| SOURCE MATERIAL |

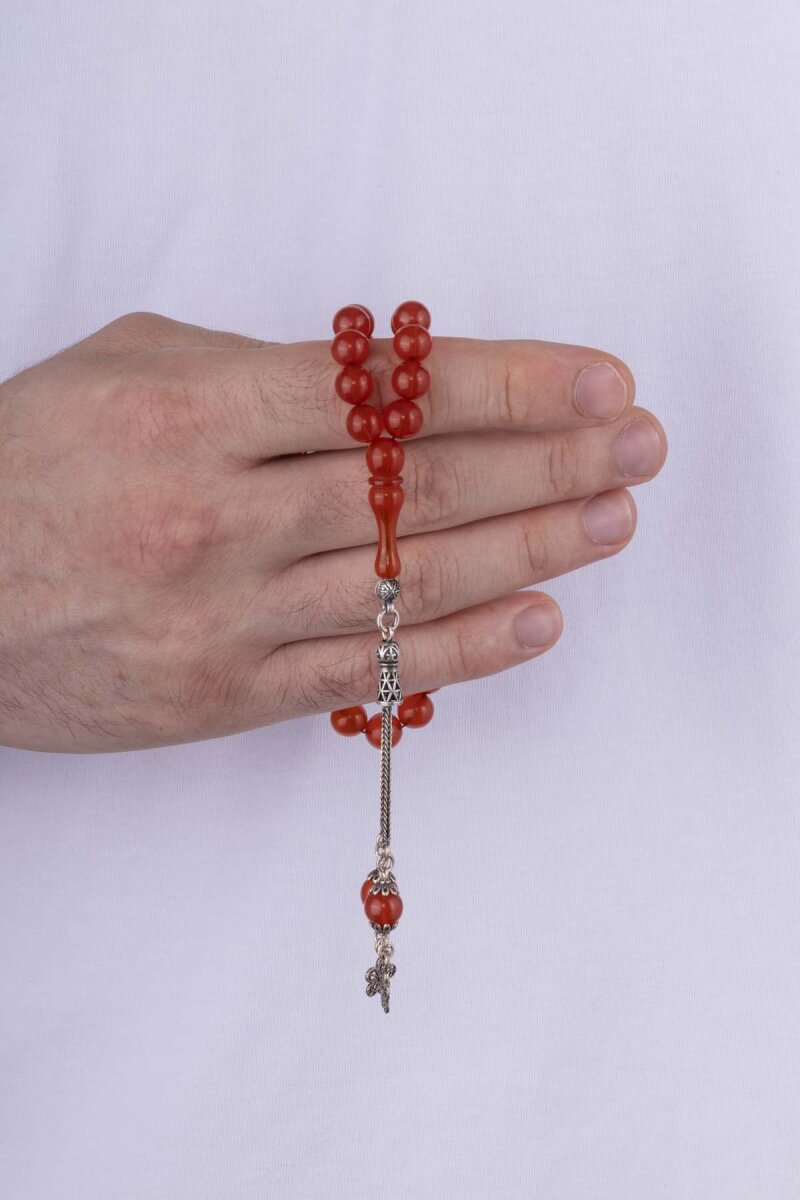 Gümüş Püsküllü Yuvarlak Kesim Ateş Kehribar Tesbih - 2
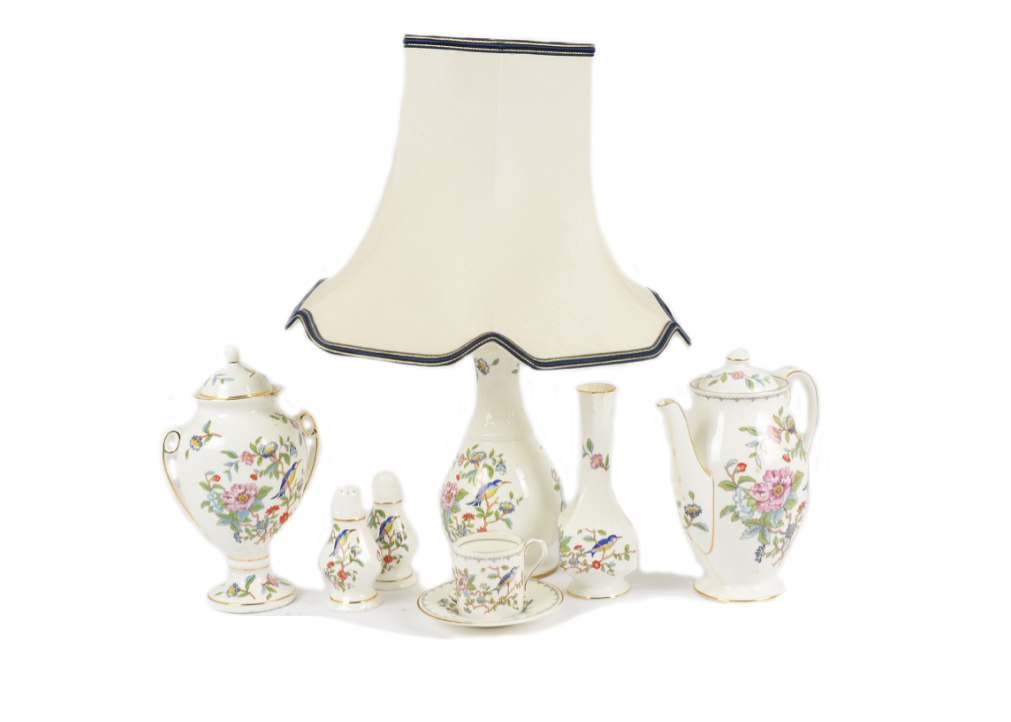 A collection of Aynsley 'Pembroke' pattern porcelain, including lamp, vases, coffee cans and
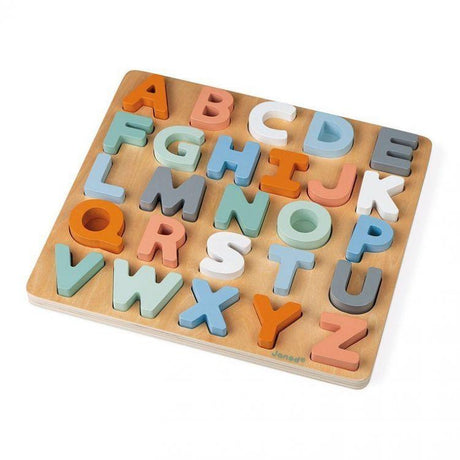 Janod: puzzle drewniane alfabet z tablicą Sweet Cocoon - Noski Noski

| TASK GOAL |
Reproduce exactly, and only, the lines from the one with "A collection of" to the final line of the listing above; the pictures are to be left out.

| SOLUTION FOR THIS EXERCISE |
 A collection of Aynsley 'Pembroke' pattern porcelain, including lamp, vases, coffee cans and
 Janod: puzzle drewniane alfabet z tablicą Sweet Cocoon - Noski Noski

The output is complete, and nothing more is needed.